— ASSIGNMENT —
From the line that contains "Fiji Princess Strands" through the line that contains "p1120. 💋💋💋 Comes", output every line of the listing below exactly and leave out all the rest.

— DATA RECORDS —
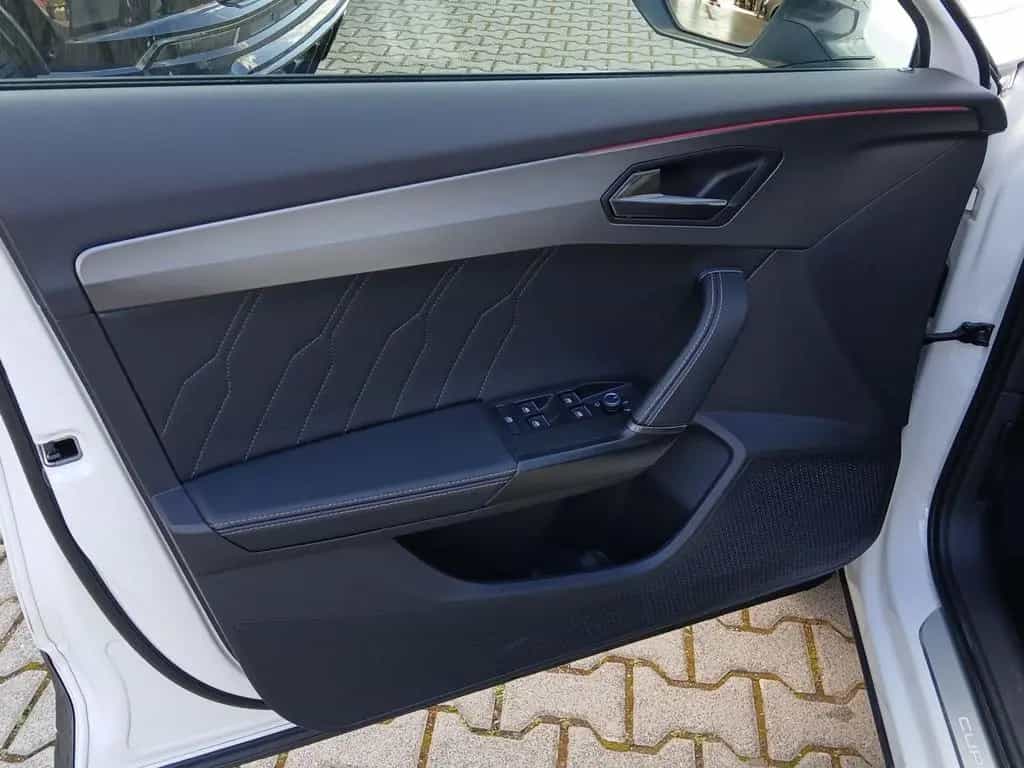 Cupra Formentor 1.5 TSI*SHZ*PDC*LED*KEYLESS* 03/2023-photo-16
* * *
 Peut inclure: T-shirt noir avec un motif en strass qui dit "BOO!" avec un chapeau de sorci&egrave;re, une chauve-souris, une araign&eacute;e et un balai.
---
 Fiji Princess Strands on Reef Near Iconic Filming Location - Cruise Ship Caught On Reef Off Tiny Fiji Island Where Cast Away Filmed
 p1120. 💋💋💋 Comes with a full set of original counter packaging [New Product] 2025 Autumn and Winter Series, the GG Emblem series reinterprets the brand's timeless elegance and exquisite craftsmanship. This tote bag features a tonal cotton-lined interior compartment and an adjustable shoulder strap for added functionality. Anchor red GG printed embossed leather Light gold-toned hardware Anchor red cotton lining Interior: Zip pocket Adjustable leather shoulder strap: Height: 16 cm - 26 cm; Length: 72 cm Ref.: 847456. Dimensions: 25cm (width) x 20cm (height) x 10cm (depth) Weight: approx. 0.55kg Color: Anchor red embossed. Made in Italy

— RESULT —
 Fiji Princess Strands on Reef Near Iconic Filming Location - Cruise Ship Caught On Reef Off Tiny Fiji Island Where Cast Away Filmed
 p1120. 💋💋💋 Comes with a full set of original counter packaging [New Product] 2025 Autumn and Winter Series, the GG Emblem series reinterprets the brand's timeless elegance and exquisite craftsmanship. This tote bag features a tonal cotton-lined interior compartment and an adjustable shoulder strap for added functionality. Anchor red GG printed embossed leather Light gold-toned hardware Anchor red cotton lining Interior: Zip pocket Adjustable leather shoulder strap: Height: 16 cm - 26 cm; Length: 72 cm Ref.: 847456. Dimensions: 25cm (width) x 20cm (height) x 10cm (depth) Weight: approx. 0.55kg Color: Anchor red embossed. Made in Italy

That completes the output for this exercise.